Top Two primary suggestions.

I don’t think I’ve been equivocal in my disagreement with the Top Two primary that Washington adopted, and which recently was not thrown out by the U.S. Supreme Court.  People picked this primary because they like they idea of voting for whatever candidate they choose, regardless of the party of the candidate.  I’m working on a pocast discussing this opposition to party affiliation, but that’s not what this is about.  I’ve come up with a couple of suggestions that I think would improve the system and might well do away with the opposition the major parties have with the system.

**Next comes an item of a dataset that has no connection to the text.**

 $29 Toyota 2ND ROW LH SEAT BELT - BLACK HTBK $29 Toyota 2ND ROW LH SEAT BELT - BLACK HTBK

The Top Two system states that candidates can describe themselves however they like within the character limit, so long as it isn’t obscene and doesn’t designate them as the nominee of their party, and that the top two vote-getters for each position will appear on the general election ballot.  Thus, you could end up with two candidates showing up on the general election ballot designated as Democrats, both of which are Republicans. 

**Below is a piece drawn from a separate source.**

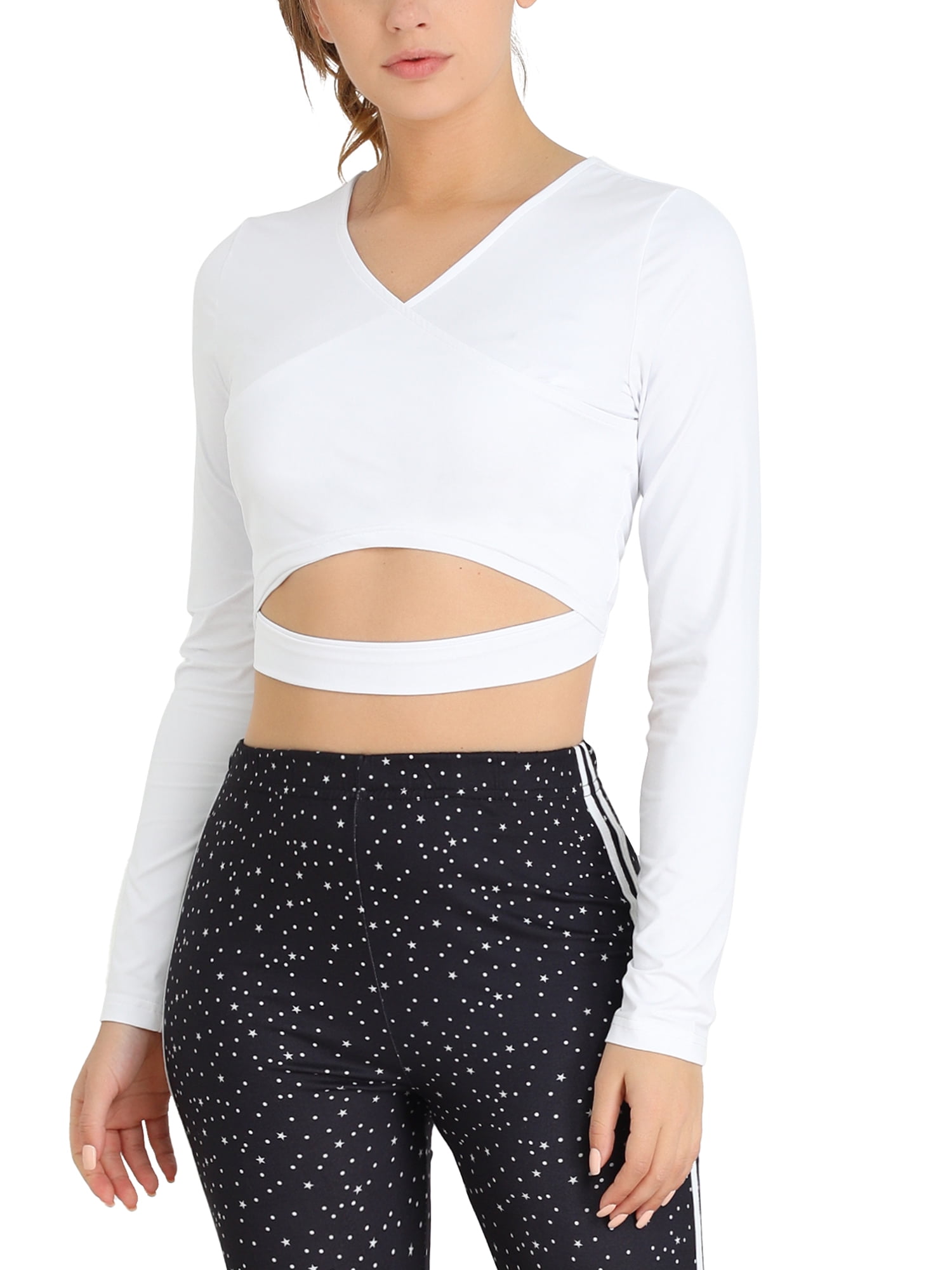 Alo Yoga Revolve Crop Tee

My proposal for change would be to not only allow candidates to designate themselves as party nominees, but to restrict that label to those nominated by their parties, and to allow voters to choose to vote for all the endorsed candidates and positions of their parties (excepting those they vote specifically).  The first part of the proposal would simply allow the parties to make the product of their nominating process known to the voter on the ballot.  It wouldn’t require voters to vote for them in any way, but would be useful to those who want to make sure that the Republican or Democrat they’re voting for are actually Republicans or Democrats.  The second part would allow people who trust their parties choices, to a greater or lesser degree, and wish to vote without necessarily researching every candidate or question on their ballot. 

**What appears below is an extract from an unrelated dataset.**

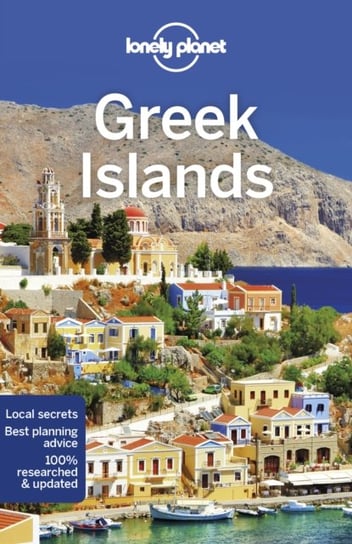 Lonely Planet Greek Islands Opracowanie zbiorowe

This proposal wouldn’t eliminate any voter choices, nor would it contradict the voters stated preference for the top two vote getters.  You could still have two Republicans designated as Democrats on the general election ballot, and you could still guarantee that Green Party or Libertarian Party candidates will never make it onto the general election ballot.  It would simply provide information to voters about what the party organizations had to say about who represented their party, and would allow them to endorse those positions more easily if they choose to do so.

Secretary of State Sam Reed has indicated that he will not allow information about party nominee status because the Supremes said that the First Amendment didn’t give parties the privilege of making their nomination status known on the ballot.  This is an empty argument.  There are lots of things not specifically guaranteed in the First Amendment, including the position of the Secretary of State of Washington, but that doesn’t mean they aren’t allowed.  And the First Amendment does guarantee a right to free association, which means that groups do have a right to choose who does and doesn’t belong to the group.  I fail to see what is harmed by making the choices of the parties known, unless one has a phobia about the parties entirely.

Anybody see any problems with this idea?  Do you think it would limit your choices in any way?